* Requirement: Write down exactly the lines from the one below that has "Leatherette Manual Motion" to the end of the data, both ends included; the pictures should not appear in your copy.

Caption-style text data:
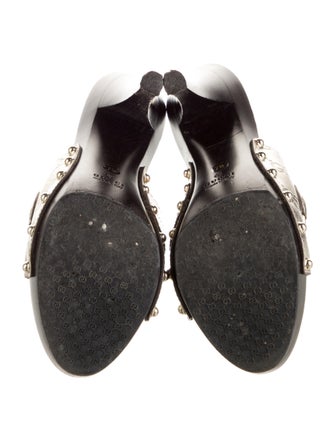 Gucci Hasler Horsebit Accent Leather Slides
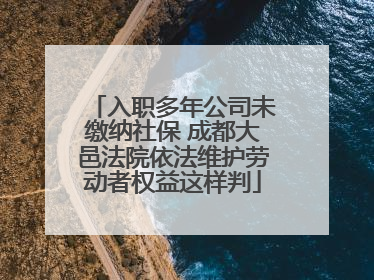 入职多年公司未缴纳社保 成都大邑法院依法维护劳动者权益这样判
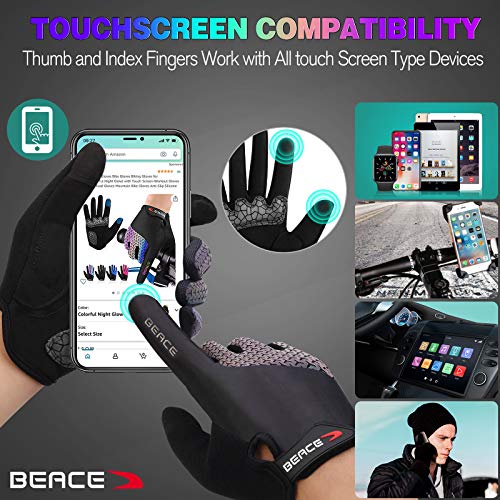 BEACE Women's Glow Cycling Gloves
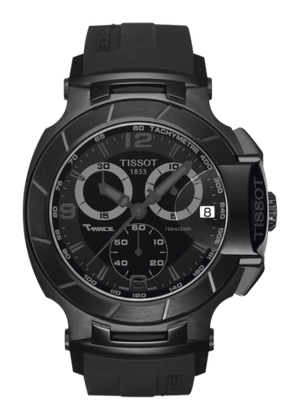 Tissot T Race Chronograph Black Dial Black Rubber Strap Watch for Men - T048.417.37.057.00 Authentic Buy Shop Now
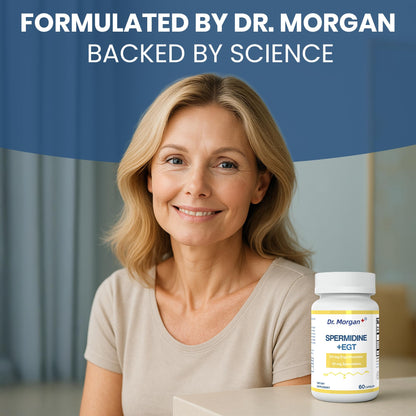 Dr. Morgan Spermidine & Ergothioneine – 99% Purity, Third-Party Tested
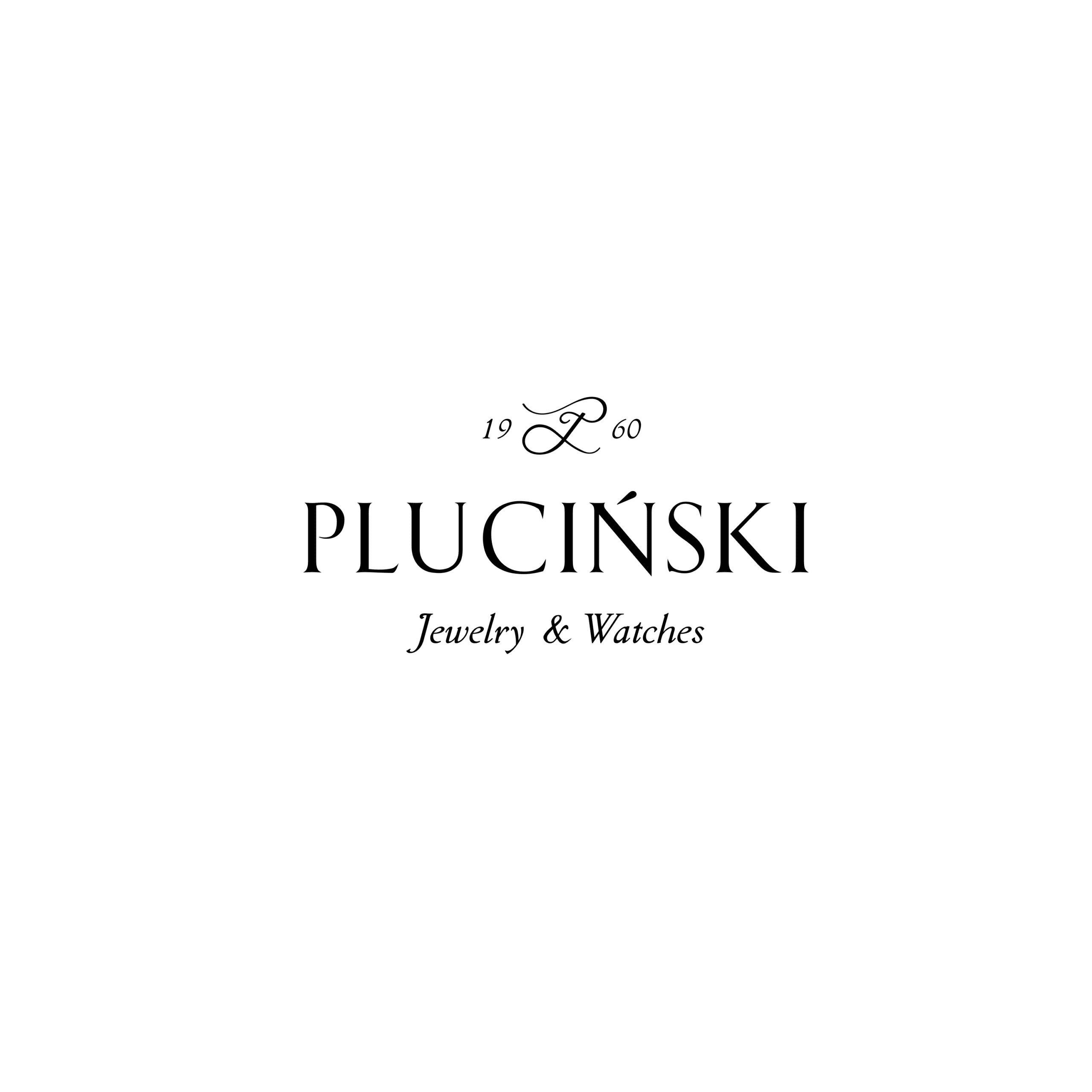Pluciński Jewelry company logo
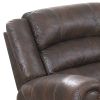 Leatherette Manual Motion Recliner with Tufted Back, Brown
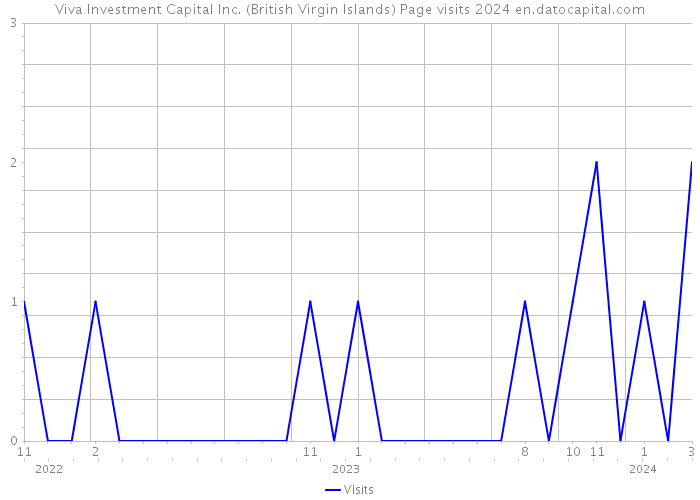 Viva Investment Capital Inc. (British Virgin Islands) Page visits 2024 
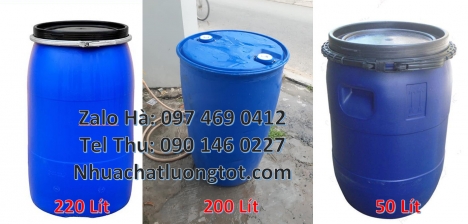 Phuy nhựa 120 lít, Phuy nhựa 150 lít nắp mở Giá bán thùng phi nhựa 30l Thùng phi nhựa 200l Thùng p
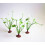 20pcs artificial water grass with base for aquarium diy 2
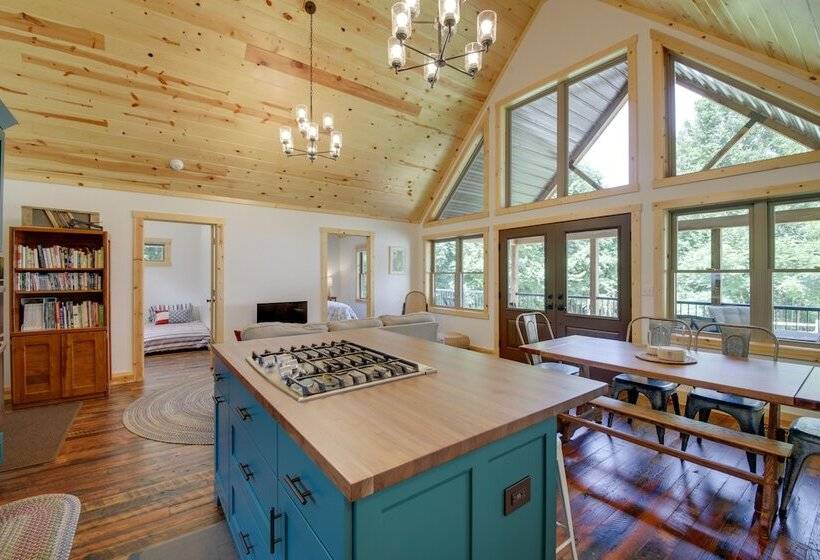 Family Friendly Indiana Cabin W/ Hot Tub & Decks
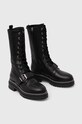 Încălțăminte Weekend Max Mara bocanci de piele 2425796054600.BLACK negru
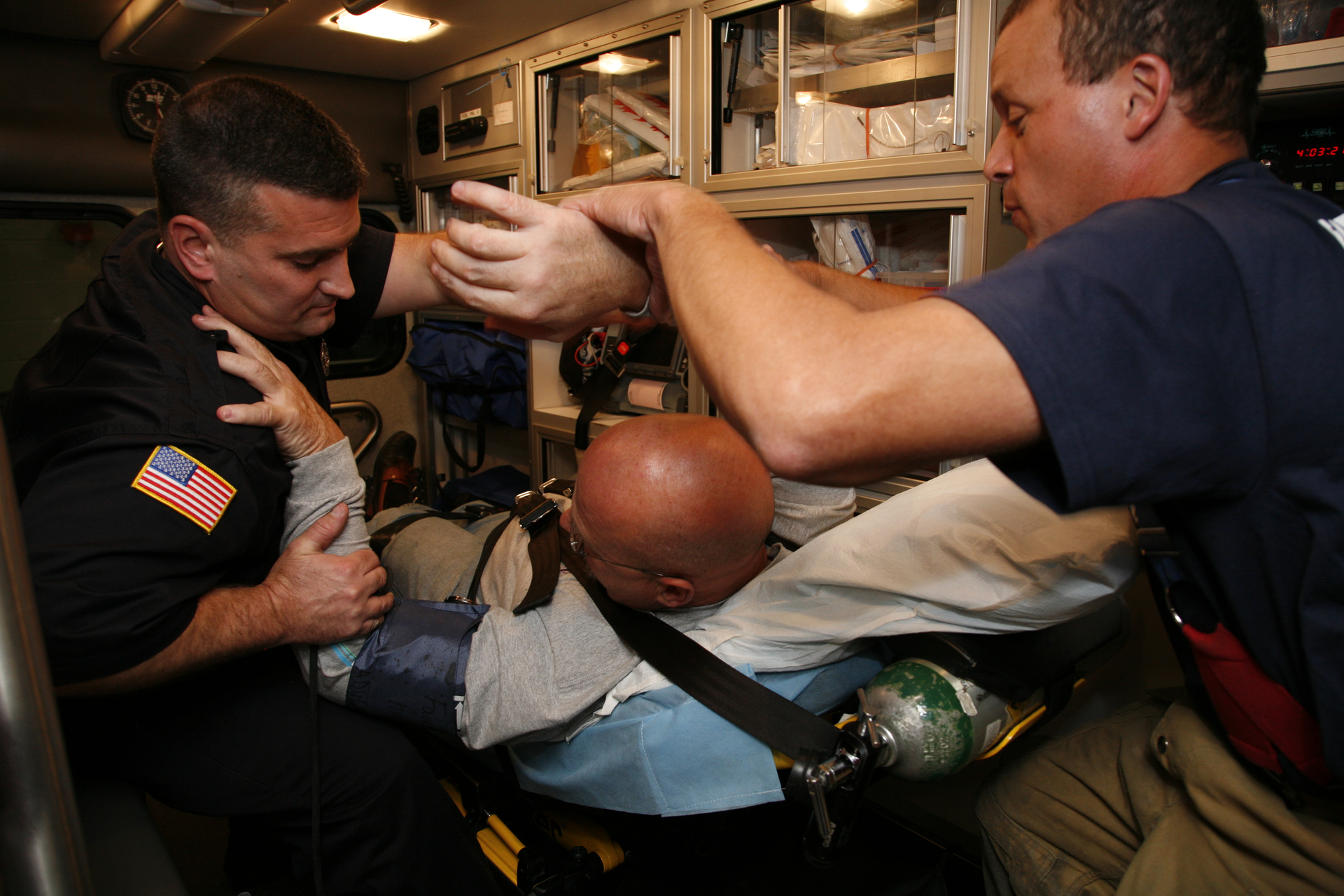 Firefighters need to learn to use defensive tactics to see indicators of potential violence.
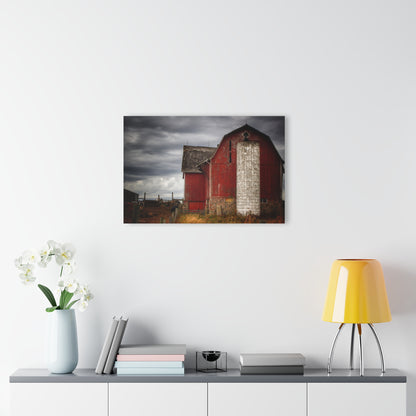 U R There Photography Hurds Corner Red III Rustic Farmhouse Acrylic Wall Print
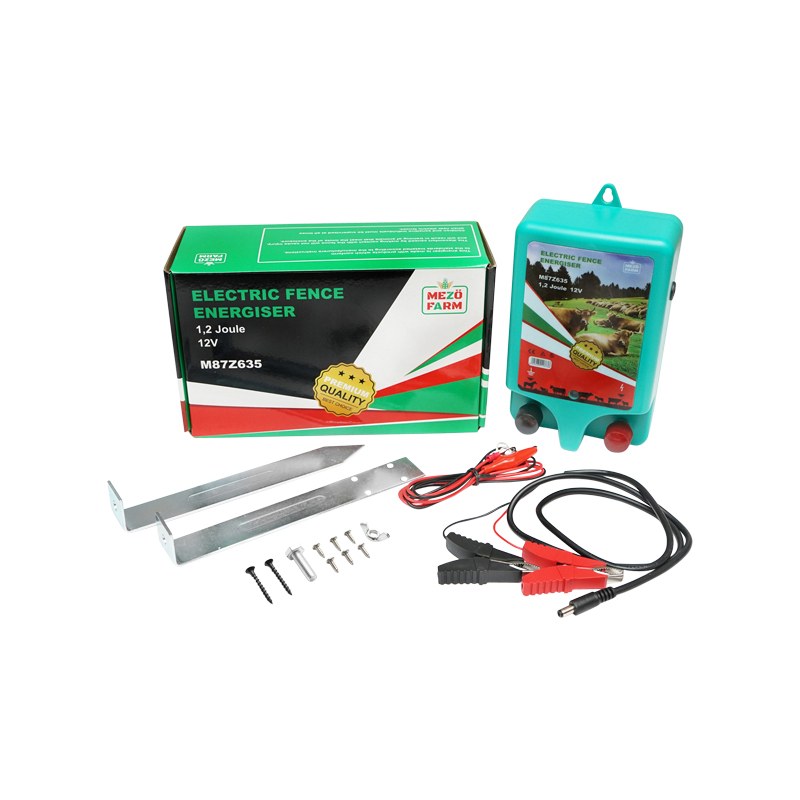 Generator impulsuri 12V max. 1 Joule pentru gard electric Mezofarm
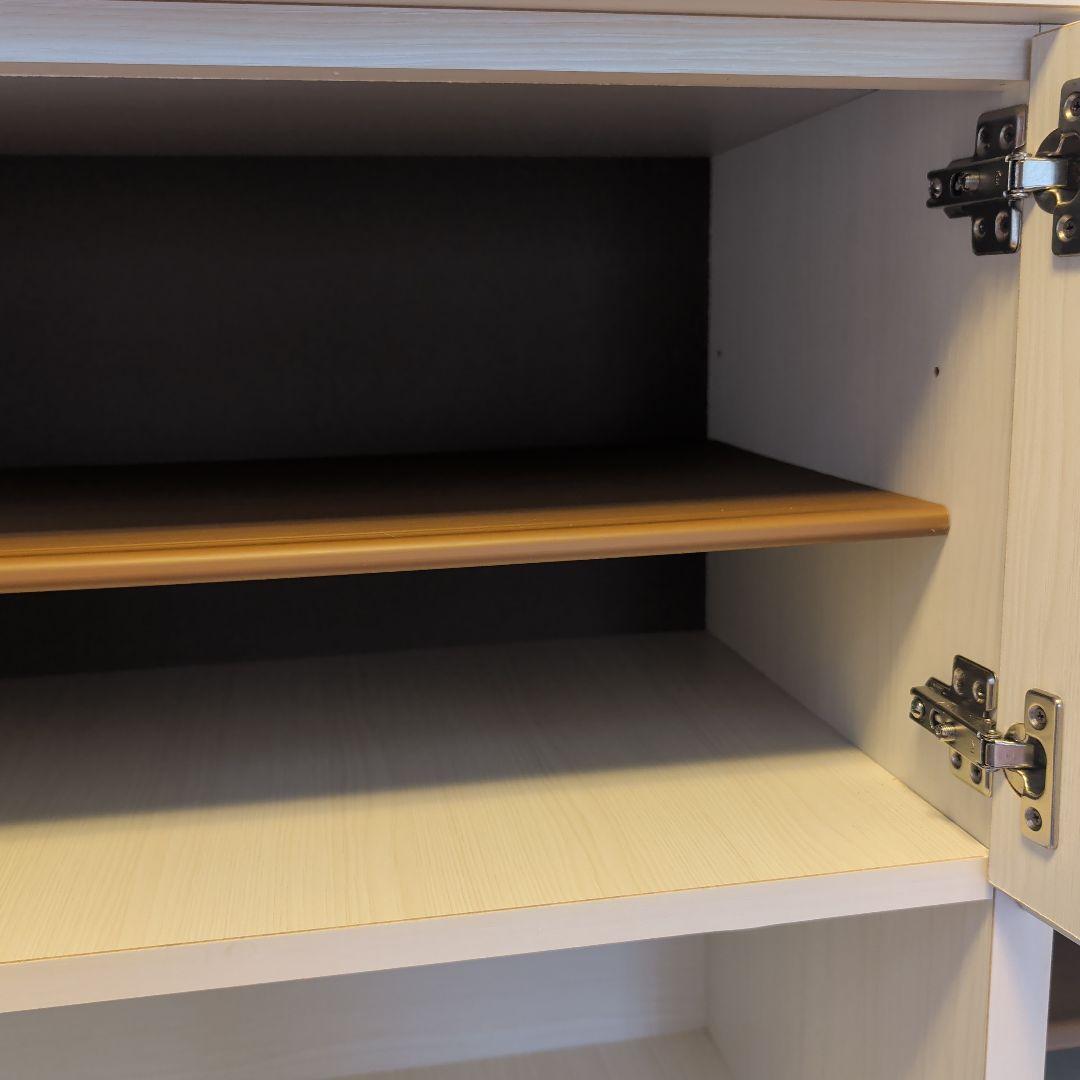 下駄箱 ハイタイプ 幅90 ピタゴラス 国産 完成品 ホワイトウォッシュ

* Written solution:
 Leatherette Manual Motion Recliner with Tufted Back, Brown
 Viva Investment Capital Inc. (British Virgin Islands) Page visits 2024 
 Phuy nhựa 120 lít, Phuy nhựa 150 lít nắp mở Giá bán thùng phi nhựa 30l Thùng phi nhựa 200l Thùng p
 20pcs artificial water grass with base for aquarium diy 2
 Family Friendly Indiana Cabin W/ Hot Tub & Decks
 Încălțăminte Weekend Max Mara bocanci de piele 2425796054600.BLACK negru
 Firefighters need to learn to use defensive tactics to see indicators of potential violence.
 U R There Photography Hurds Corner Red III Rustic Farmhouse Acrylic Wall Print
 Generator impulsuri 12V max. 1 Joule pentru gard electric Mezofarm
 下駄箱 ハイタイプ 幅90 ピタゴラス 国産 完成品 ホワイトウォッシュ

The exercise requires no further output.